[Short text fragments from websites]
######

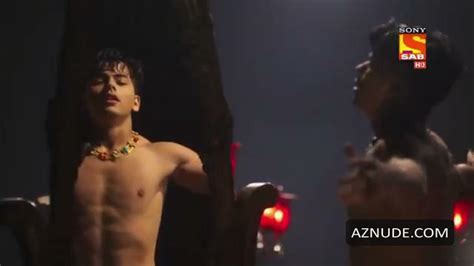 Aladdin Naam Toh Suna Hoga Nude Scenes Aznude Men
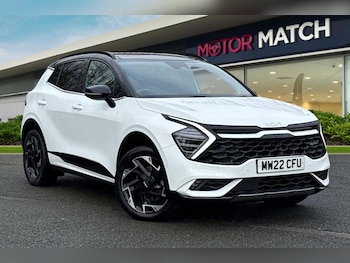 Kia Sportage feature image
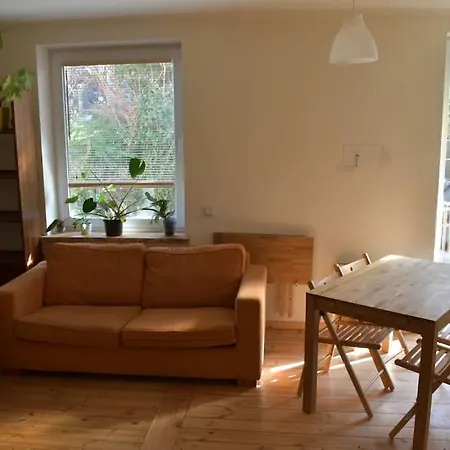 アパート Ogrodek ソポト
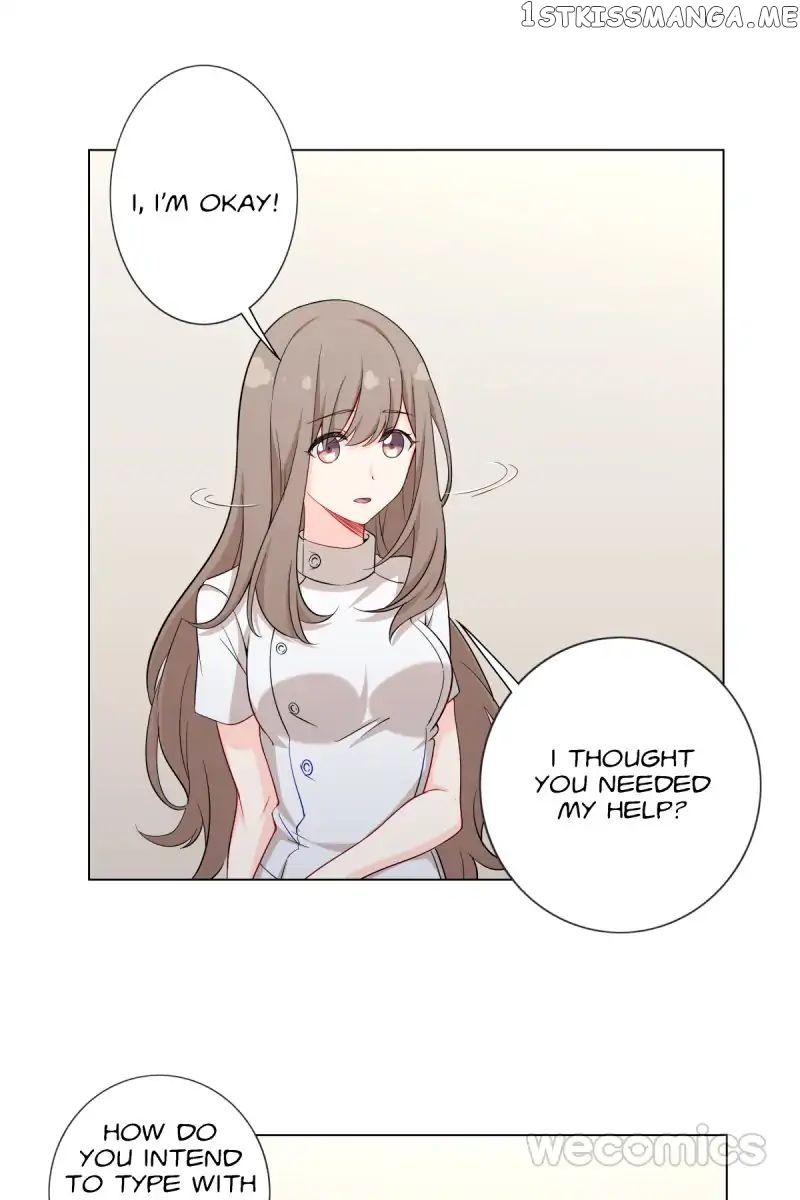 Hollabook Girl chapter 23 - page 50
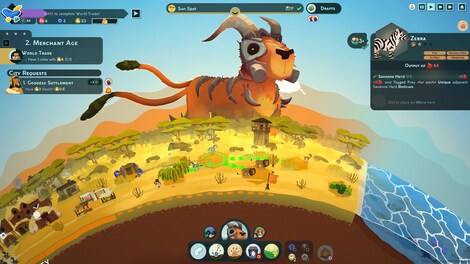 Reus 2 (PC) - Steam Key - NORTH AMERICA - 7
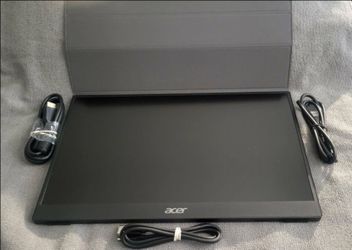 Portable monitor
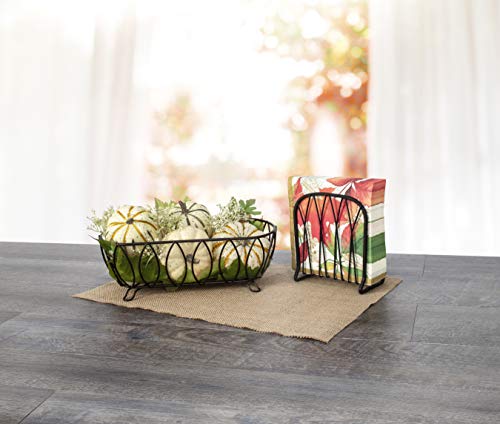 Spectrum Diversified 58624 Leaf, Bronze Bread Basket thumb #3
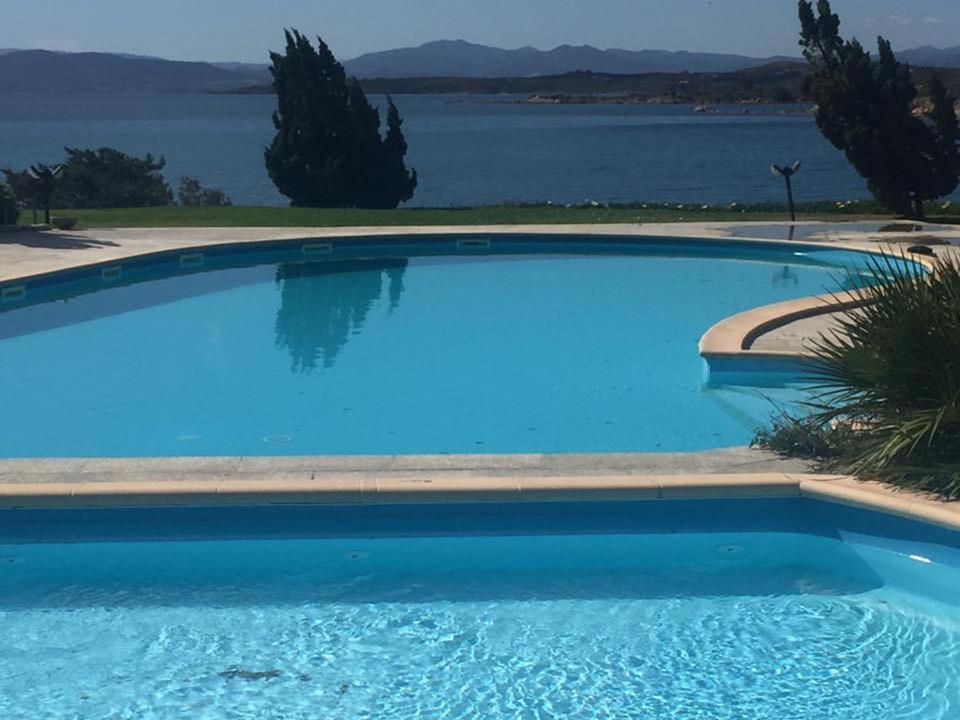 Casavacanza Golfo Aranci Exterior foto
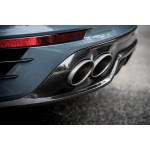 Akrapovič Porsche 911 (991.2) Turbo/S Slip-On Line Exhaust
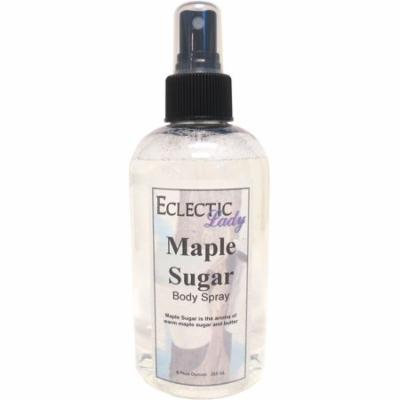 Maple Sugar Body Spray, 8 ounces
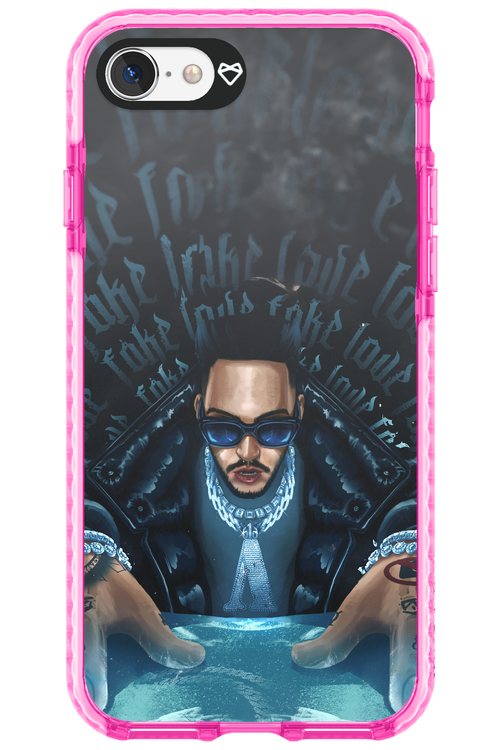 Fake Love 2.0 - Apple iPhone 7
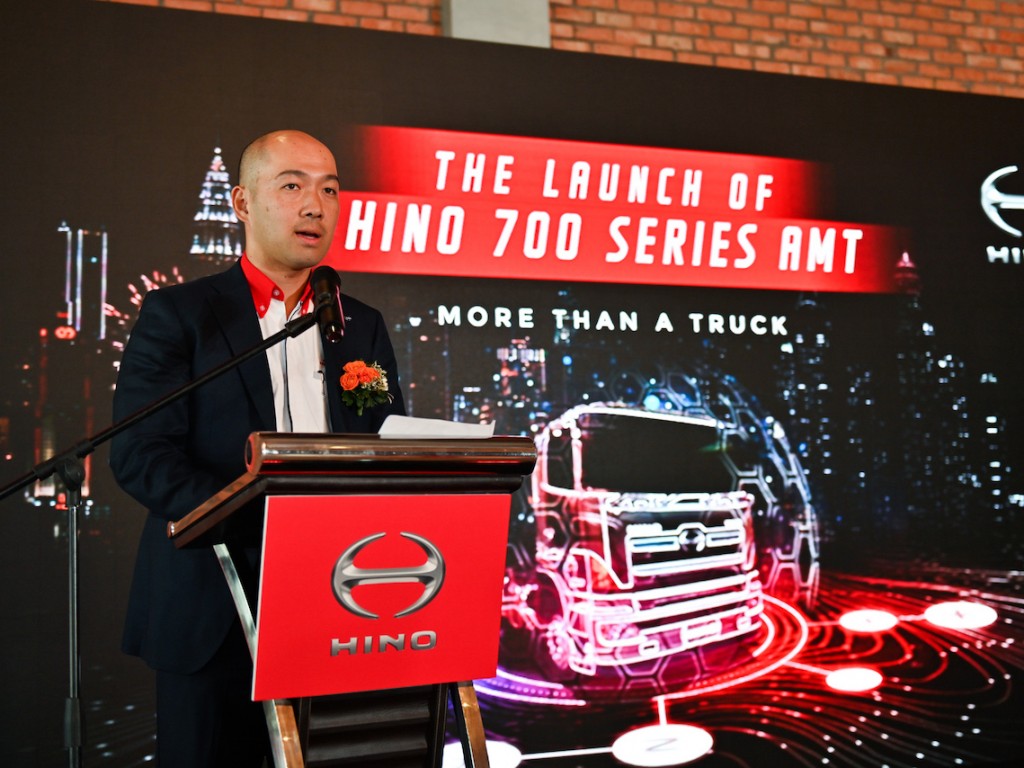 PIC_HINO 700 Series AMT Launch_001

######

◆ REQUIRED ACTION
Only one thing is required here: an exact copy of the lines from the one bearing "Maple Sugar Body Spray, 8 ounces" through the final line above, both included, with pictures left out.

◆ WRITTEN RESPONSE
 Maple Sugar Body Spray, 8 ounces
 Fake Love 2.0 - Apple iPhone 7
 PIC_HINO 700 Series AMT Launch_001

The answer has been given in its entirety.